Exercise prompt.
The complete listing goes into the output exactly, without its pictures.
== Stored data
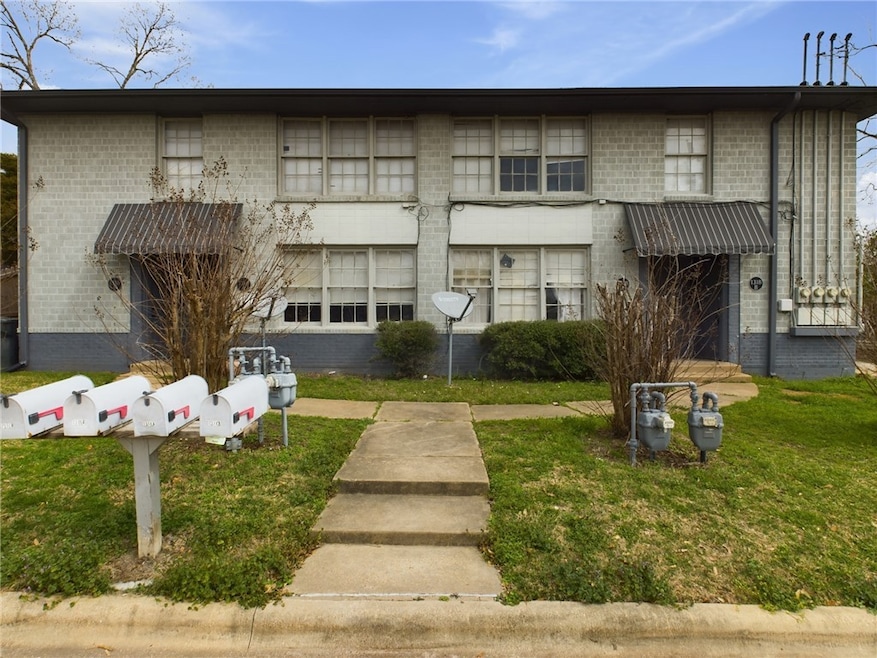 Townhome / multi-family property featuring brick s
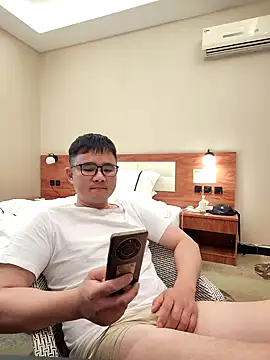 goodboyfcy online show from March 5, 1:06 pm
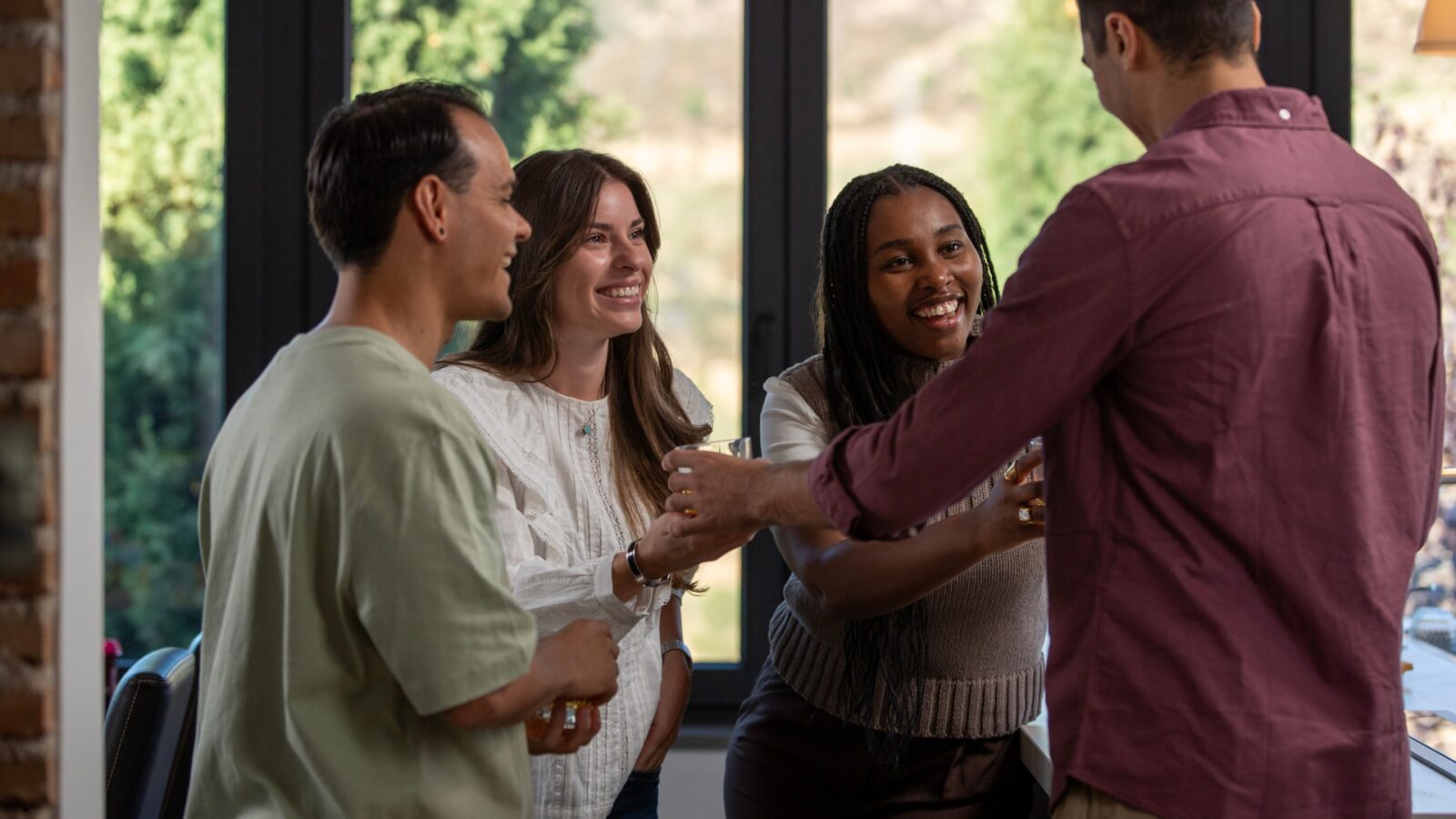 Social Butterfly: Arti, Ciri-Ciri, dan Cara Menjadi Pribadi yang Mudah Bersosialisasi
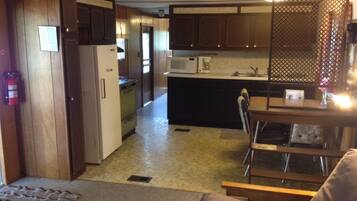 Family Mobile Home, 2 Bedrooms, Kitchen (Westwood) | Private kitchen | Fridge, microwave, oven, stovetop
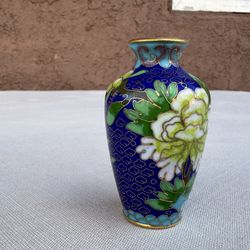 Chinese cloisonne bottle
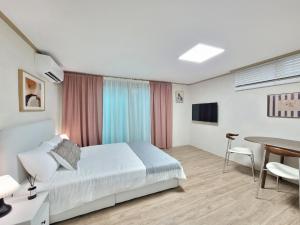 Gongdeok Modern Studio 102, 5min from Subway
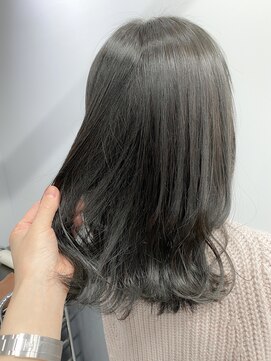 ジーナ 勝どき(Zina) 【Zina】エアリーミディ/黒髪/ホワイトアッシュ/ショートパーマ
====
Output of the exercise.
 Townhome / multi-family property featuring brick s
 goodboyfcy online show from March 5, 1:06 pm
 Social Butterfly: Arti, Ciri-Ciri, dan Cara Menjadi Pribadi yang Mudah Bersosialisasi
 Family Mobile Home, 2 Bedrooms, Kitchen (Westwood) | Private kitchen | Fridge, microwave, oven, stovetop
 Chinese cloisonne bottle
 Gongdeok Modern Studio 102, 5min from Subway
 ジーナ 勝どき(Zina) 【Zina】エアリーミディ/黒髪/ホワイトアッシュ/ショートパーマ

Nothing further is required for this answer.